_WHAT THIS TASK INVOLVES_: In the entries below, find the line with "-地方名吃海鲜大馅蒸饺(北戴河店)" and the line with "Property photo 1 of 25". Repeat exactly everything between them, those two lines included, but not the pictures.

_EXERCISE INPUTS_:
★ ★ ★

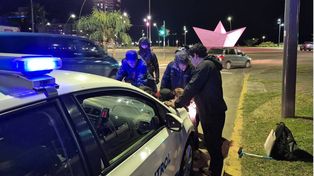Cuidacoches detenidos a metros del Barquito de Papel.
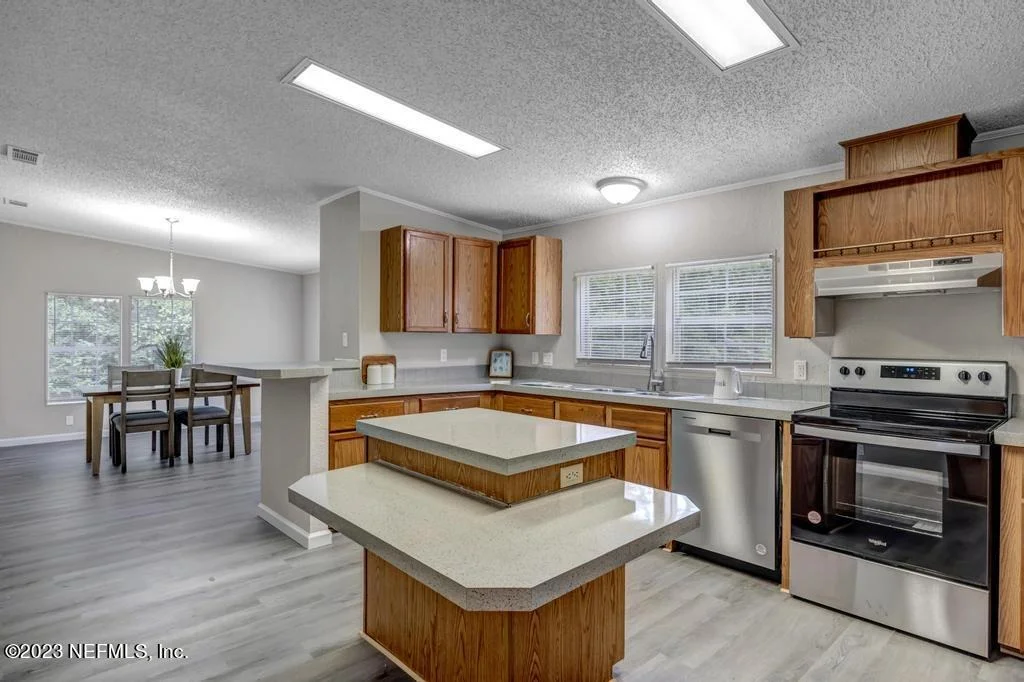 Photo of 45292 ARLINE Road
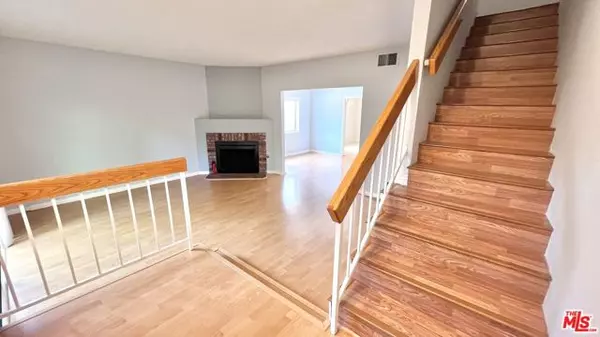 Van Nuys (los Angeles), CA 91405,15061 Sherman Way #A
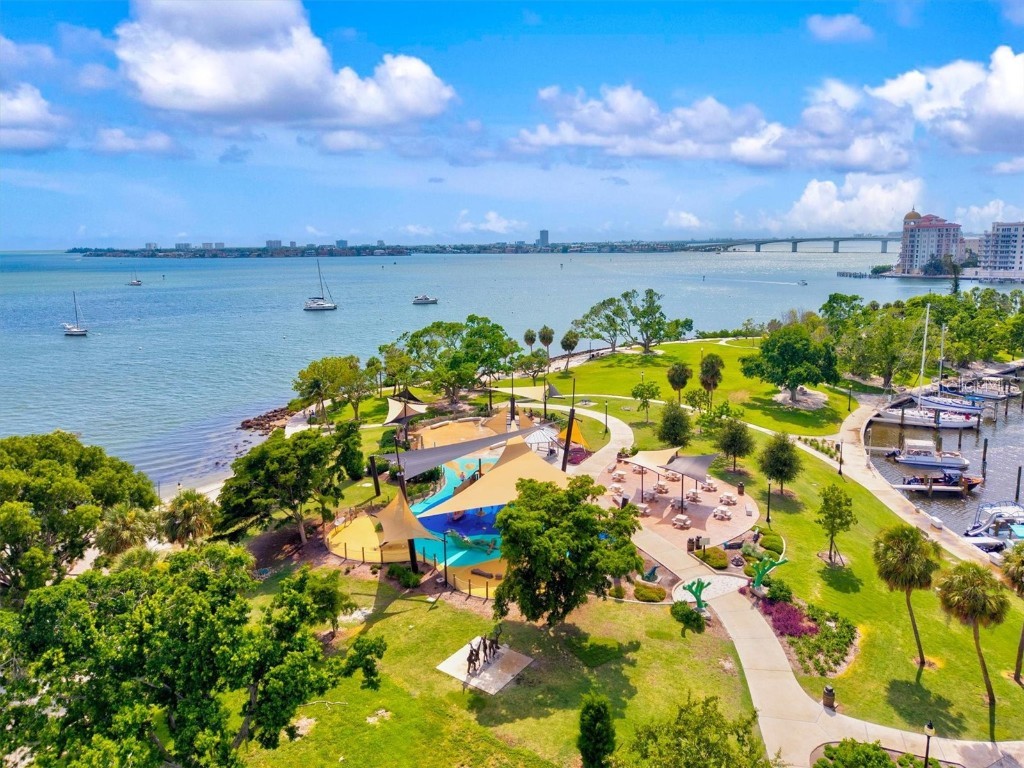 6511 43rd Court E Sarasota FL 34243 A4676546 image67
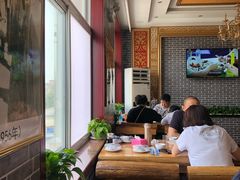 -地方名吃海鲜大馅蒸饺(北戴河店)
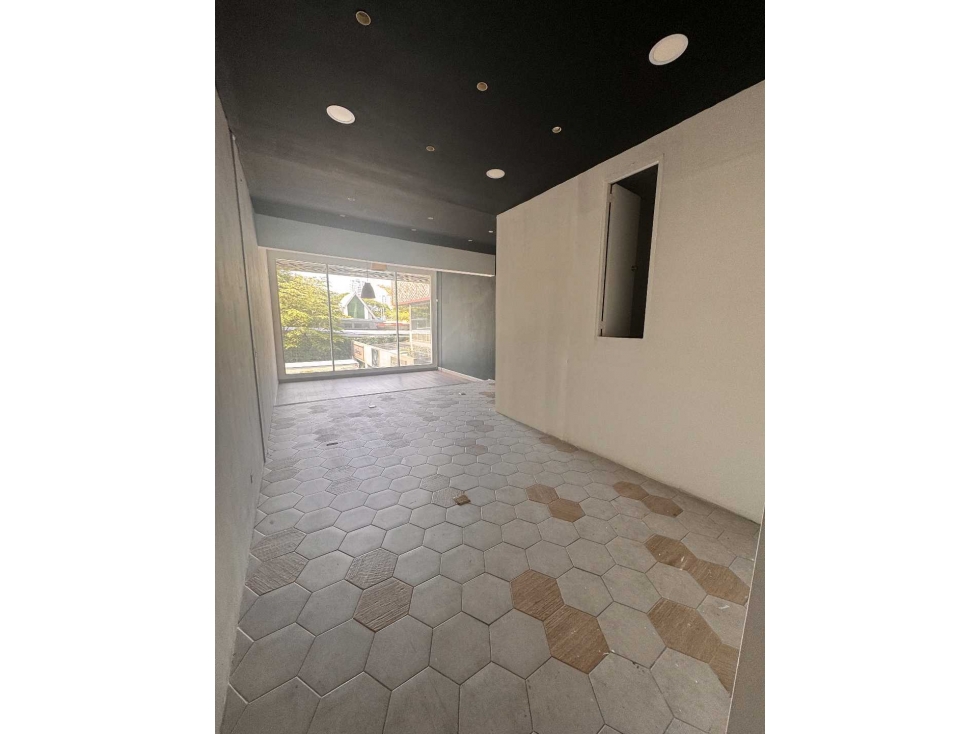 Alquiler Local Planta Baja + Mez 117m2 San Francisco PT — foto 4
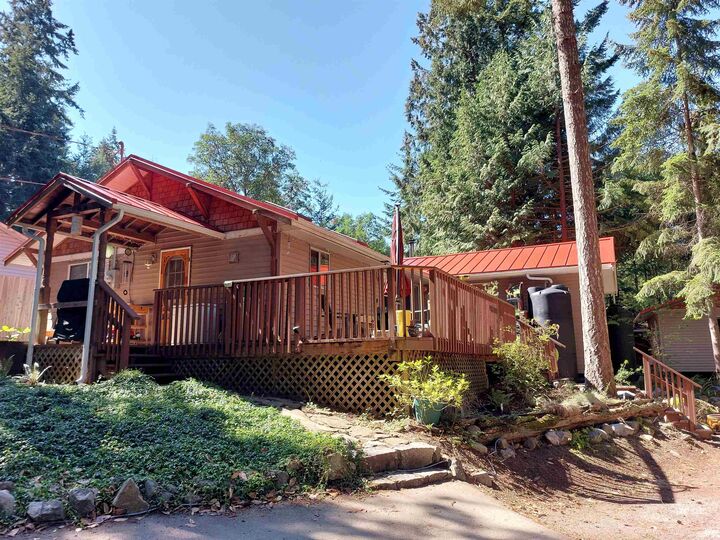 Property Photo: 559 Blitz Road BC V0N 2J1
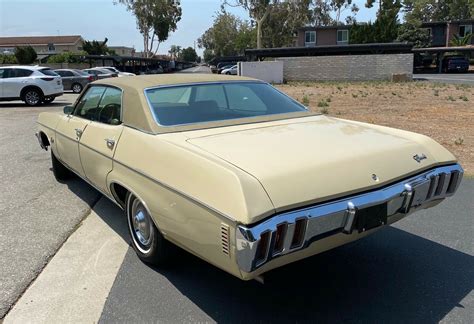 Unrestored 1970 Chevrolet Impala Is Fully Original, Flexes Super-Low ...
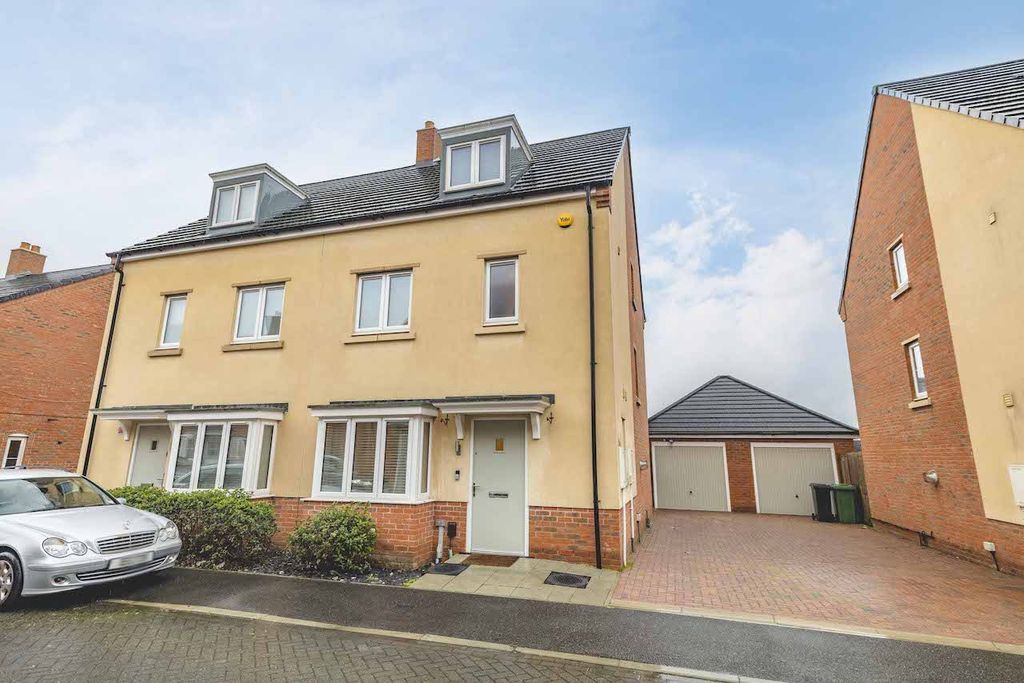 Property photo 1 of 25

★ ★ ★

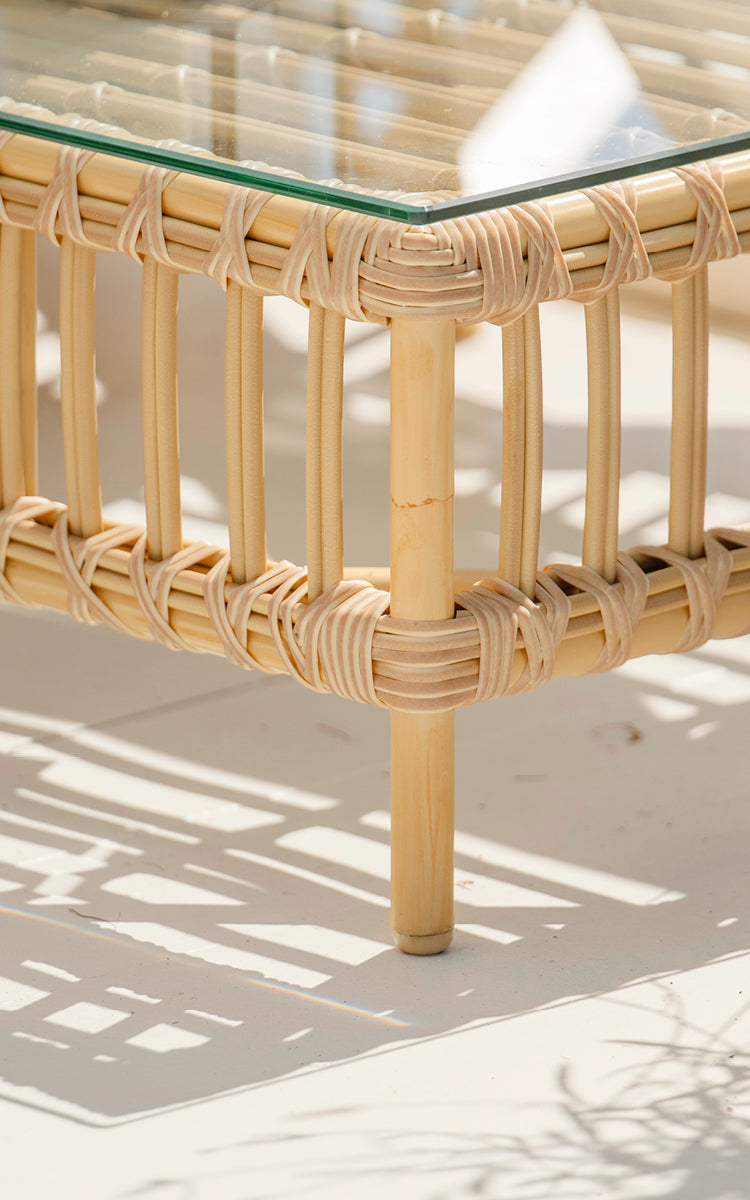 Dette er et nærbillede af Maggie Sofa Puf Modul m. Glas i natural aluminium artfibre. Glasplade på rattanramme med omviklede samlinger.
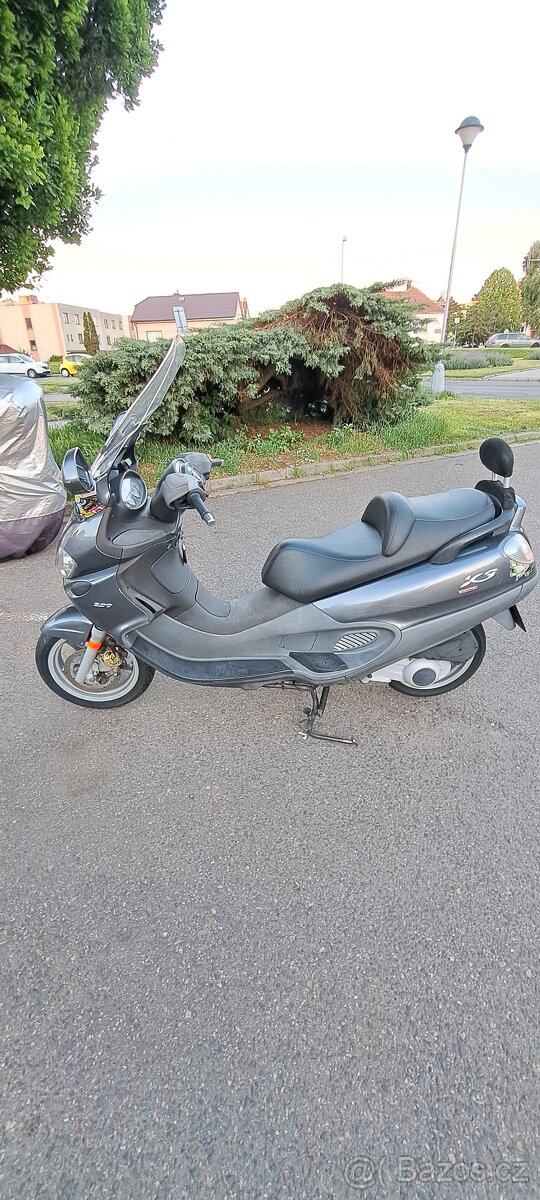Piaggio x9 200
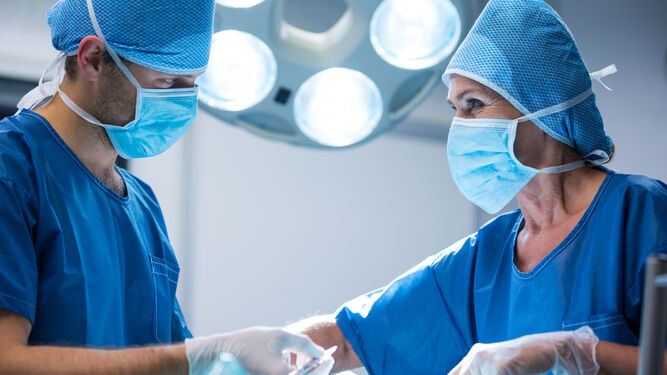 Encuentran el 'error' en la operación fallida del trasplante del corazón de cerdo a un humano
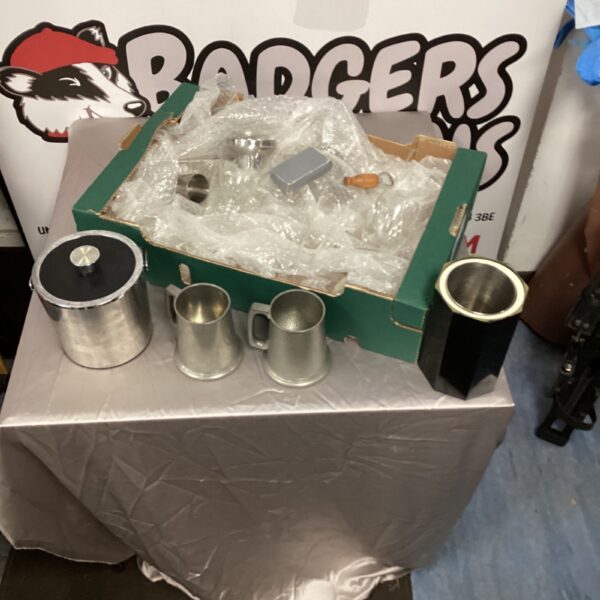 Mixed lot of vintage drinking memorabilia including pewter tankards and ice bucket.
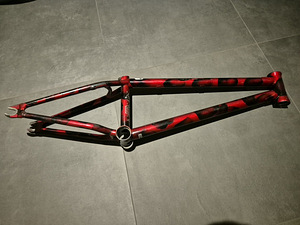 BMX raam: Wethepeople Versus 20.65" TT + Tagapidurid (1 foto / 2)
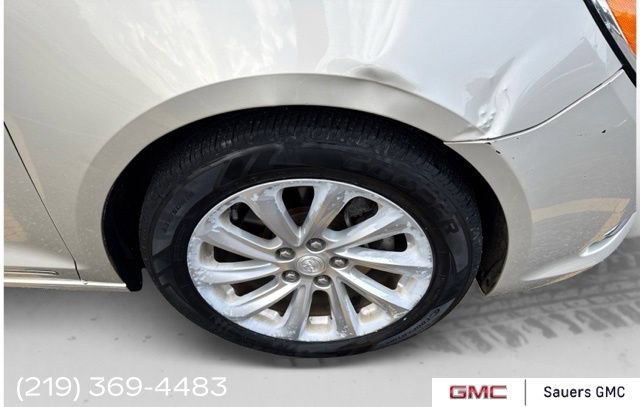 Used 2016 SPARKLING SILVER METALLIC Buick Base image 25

★ ★ ★

_EXERCISE RESPONSE_:
 -地方名吃海鲜大馅蒸饺(北戴河店)
 Alquiler Local Planta Baja + Mez 117m2 San Francisco PT — foto 4
 Property Photo: 559 Blitz Road BC V0N 2J1
 Unrestored 1970 Chevrolet Impala Is Fully Original, Flexes Super-Low ...
 Property photo 1 of 25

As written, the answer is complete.